Enhancing the efficiency of gear systems is of significance to reduce fuel consumption and overall weight. Windage power losses become prevailing in high-speed gear systems, such as aero-engine applications. To avoid the shortages and limitations of commonly used methods (e.g. negative volume in dynamic mesh method and one moving object in sliding meshing method), this paper describes an unstructured overset computational fluid dynamics technology to simulate the airflow pattern in a gearbox and calculate the windage losses. A disk, a spur gear and a helical gear, spinning in the air at rotational speed up to 7200 r/min are studied respectively, the windage power losses obtained by the numerical method show good agreement with experimental data and analytical findings in the open literature. Meanwhile, the associated deceleration torques exerted by pressure and viscous forces on spinning gear surfaces are also determined. Furthermore, the overset method facilitates to estimate the windage losses of a non-meshing gear pair. The results of this paper indicate that the overset method can accurately predict the windage power losses and provide a new route to investigate the flow pattern surrounding the gears. This method can serve as an effective tool for engineering applications in the future.

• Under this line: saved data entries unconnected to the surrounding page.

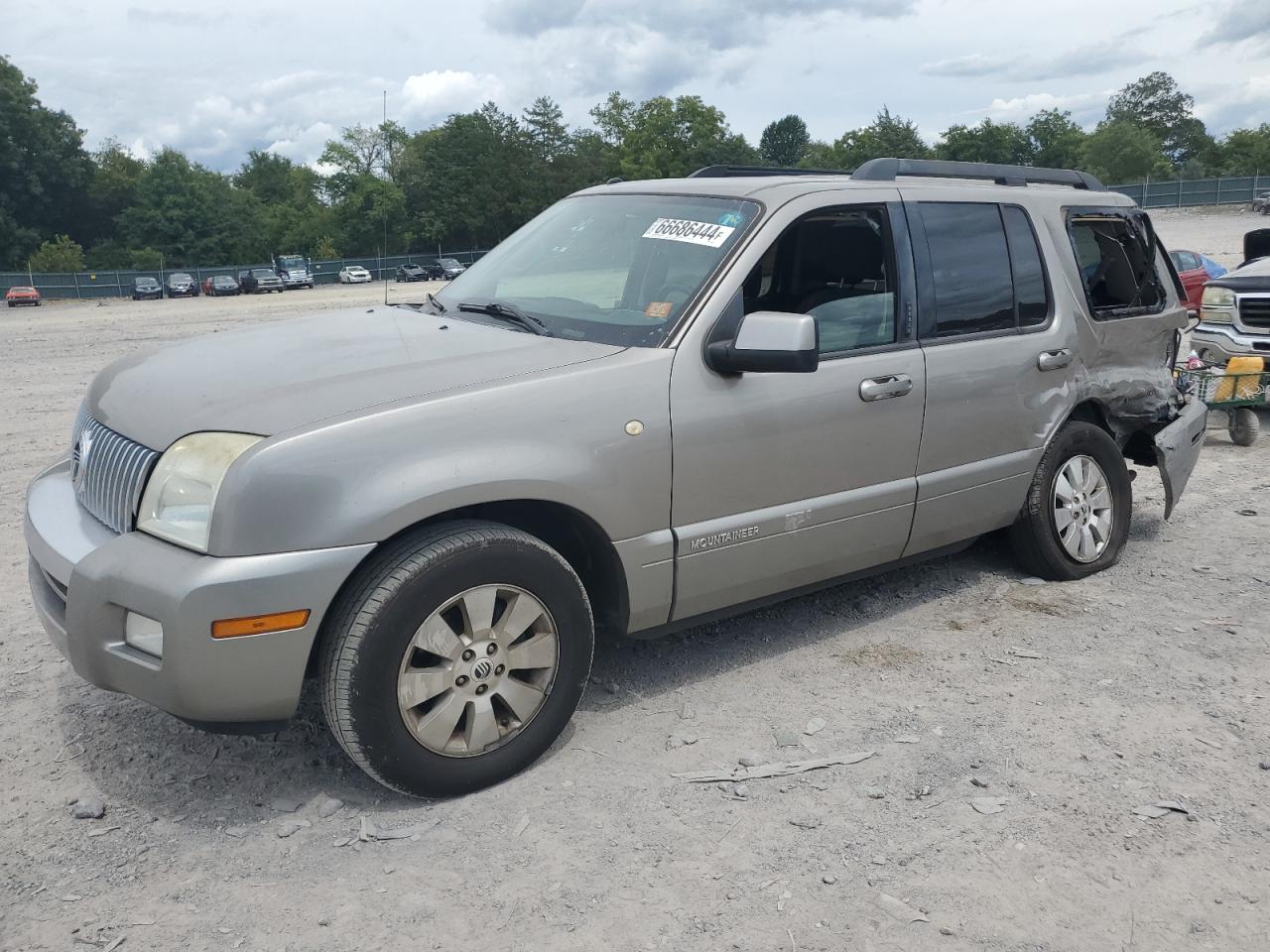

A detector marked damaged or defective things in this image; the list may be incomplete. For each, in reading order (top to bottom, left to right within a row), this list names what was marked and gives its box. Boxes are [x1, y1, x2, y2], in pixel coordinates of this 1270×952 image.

broken rear side window [1067, 211, 1163, 320]
damaged rear of suv [24, 157, 1204, 796]
crumpled rear fender [1158, 401, 1204, 523]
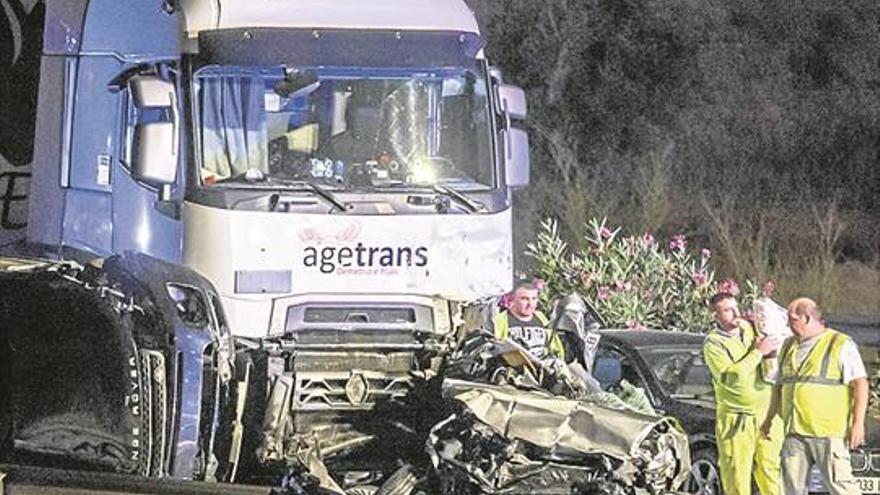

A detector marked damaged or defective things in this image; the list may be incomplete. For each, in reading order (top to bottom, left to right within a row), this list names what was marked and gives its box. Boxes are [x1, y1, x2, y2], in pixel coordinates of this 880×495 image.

wrecked car [0, 254, 239, 482]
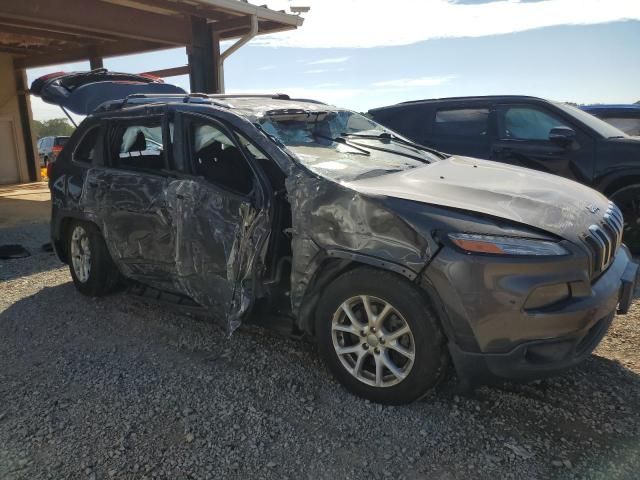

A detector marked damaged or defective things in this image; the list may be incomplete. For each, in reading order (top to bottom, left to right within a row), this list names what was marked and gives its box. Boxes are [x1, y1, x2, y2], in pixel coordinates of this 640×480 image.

shattered windshield [258, 109, 438, 182]
severely damaged suv [36, 69, 640, 404]
crumpled hood [344, 156, 608, 242]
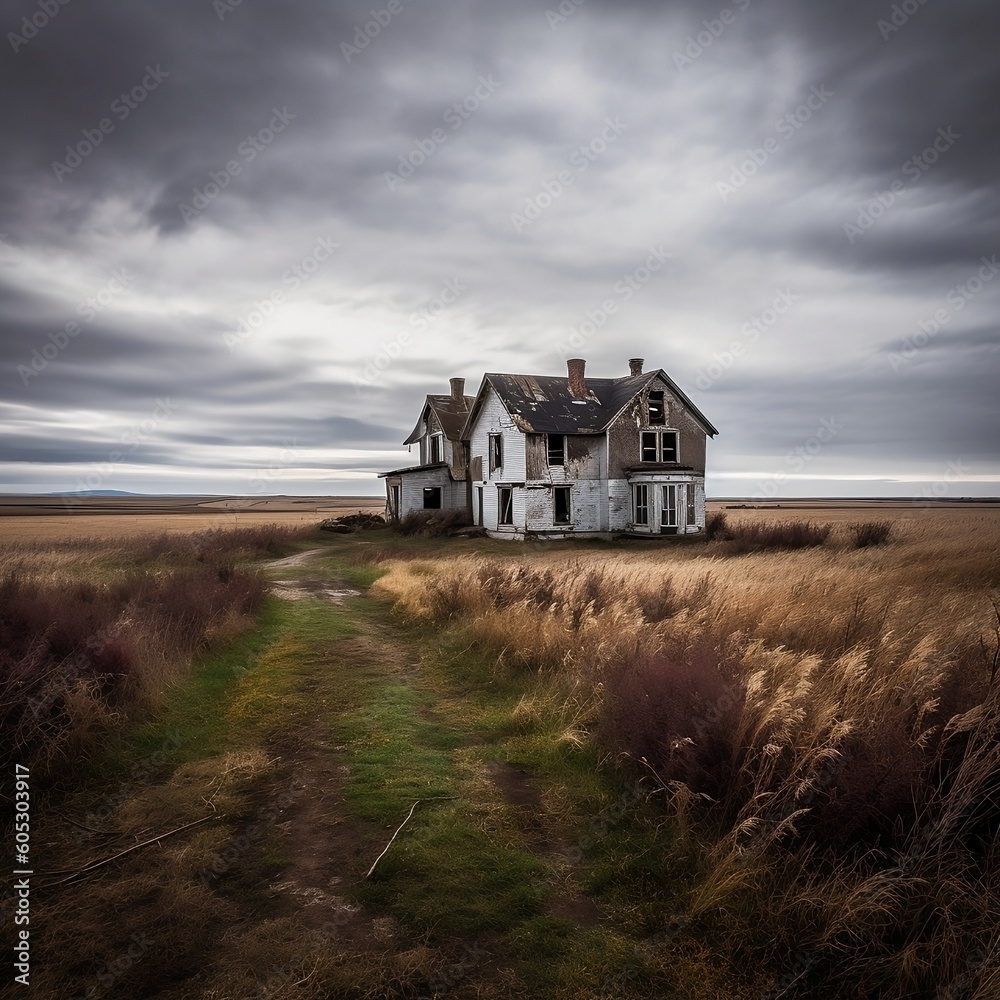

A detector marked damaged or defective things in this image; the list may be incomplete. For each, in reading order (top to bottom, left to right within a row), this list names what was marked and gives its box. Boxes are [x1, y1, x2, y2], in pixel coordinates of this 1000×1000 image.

broken window [648, 388, 664, 424]
broken window [496, 488, 512, 528]
broken window [556, 484, 572, 524]
broken window [632, 482, 648, 524]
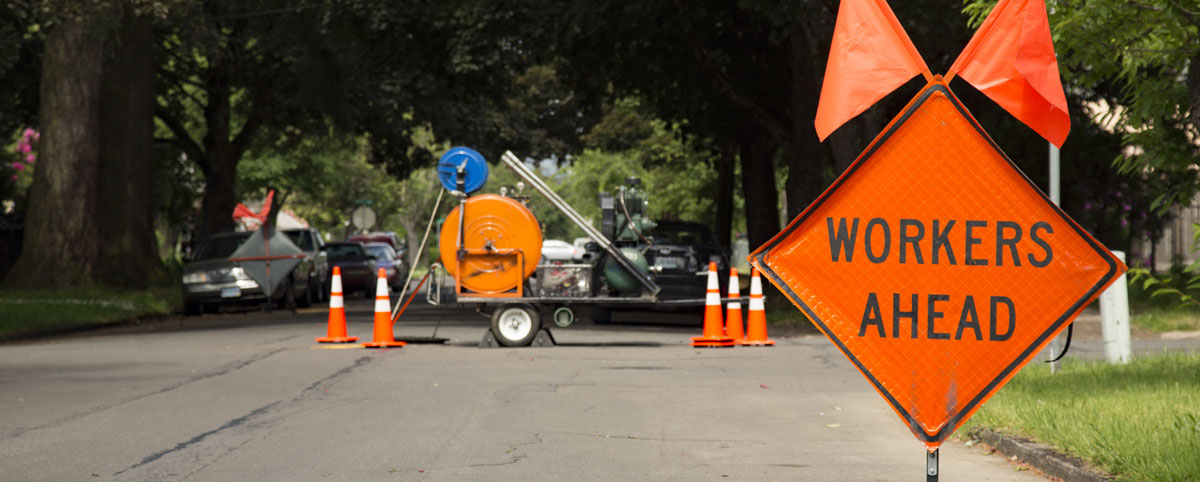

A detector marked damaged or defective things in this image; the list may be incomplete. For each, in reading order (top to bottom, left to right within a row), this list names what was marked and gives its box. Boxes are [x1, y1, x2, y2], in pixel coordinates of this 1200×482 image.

crack in asphalt [4, 345, 286, 441]
crack in asphalt [113, 354, 374, 477]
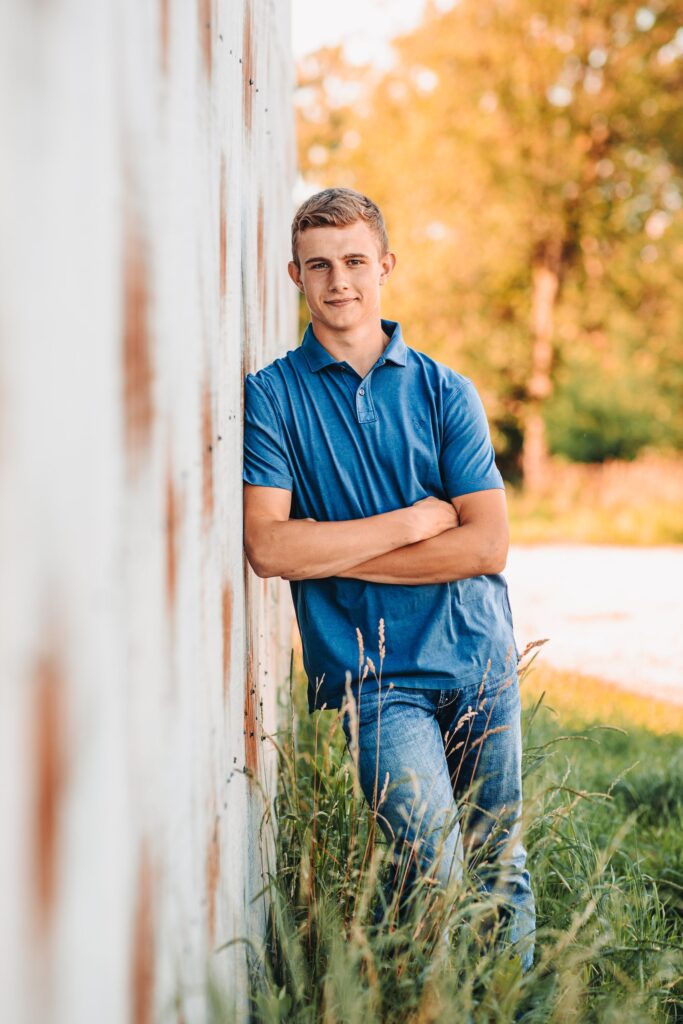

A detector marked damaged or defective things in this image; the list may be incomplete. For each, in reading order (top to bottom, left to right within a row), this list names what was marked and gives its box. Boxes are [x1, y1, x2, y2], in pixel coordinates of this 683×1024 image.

rust stain on wood [123, 209, 155, 466]
rust stain on wood [32, 651, 65, 933]
rust stain on wood [131, 843, 154, 1024]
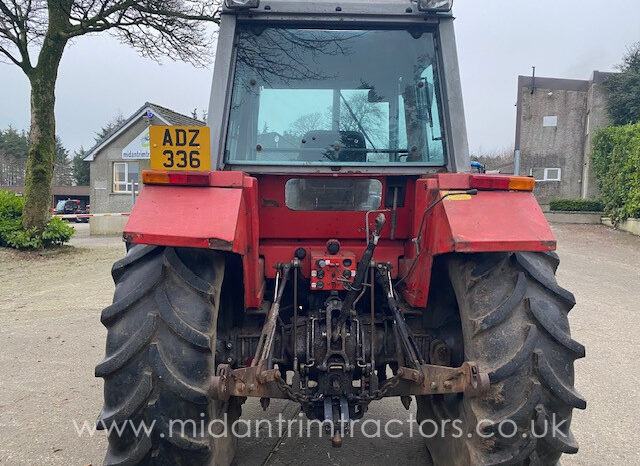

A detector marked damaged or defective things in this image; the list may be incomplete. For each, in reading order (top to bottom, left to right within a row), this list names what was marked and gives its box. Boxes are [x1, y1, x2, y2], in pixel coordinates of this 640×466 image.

rusty metal bracket [390, 360, 490, 396]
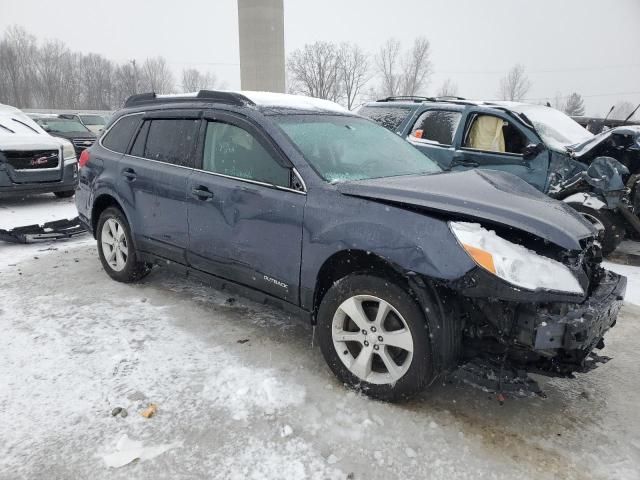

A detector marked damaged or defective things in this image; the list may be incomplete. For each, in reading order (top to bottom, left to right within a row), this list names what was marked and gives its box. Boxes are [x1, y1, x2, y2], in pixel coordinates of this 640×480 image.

提高齿轮系统的效率对减少燃油消耗和总体重量很重要。风速功率损耗在诸如航空发动机应用的高速齿轮系统中变得普遍。为了避免常用方法的不足和局限性（例如，动态啮合方法中的负体积和滑动啮合方法中的一个运动对象），本文介绍了一种非结构化的溢流计算流体动力学技术，用于模拟变速箱中的气流模式并计算风阻损失。分别研究了在空气中以最高7200 r / min的转速旋转的圆盘，正齿轮和斜齿轮，通过数值方法获得的风阻功率损耗与实验数据和公开文献中的分析结果显示出良好的一致性。 。与此同时，还可以确定由压力和粘性力作用在旋转齿轮表面上的相关减速扭矩。此外，超速方法有助于估计非啮合齿轮对的风阻损失。本文的结果表明，超限法可以准确预测风阻功率损失，并为研究齿轮周围的流型提供了新的途径。这种方法可以作为将来工程应用的有效工具。本文的结果表明，超限法可以准确预测风阻功率损失，并为研究齿轮周围的流型提供了新的途径。这种方法可以作为将来工程应用的有效工具。本文的结果表明，超限法可以准确预测风阻功率损失，并为研究齿轮周围的流型提供了新的途径。这种方法可以作为将来工程应用的有效工具。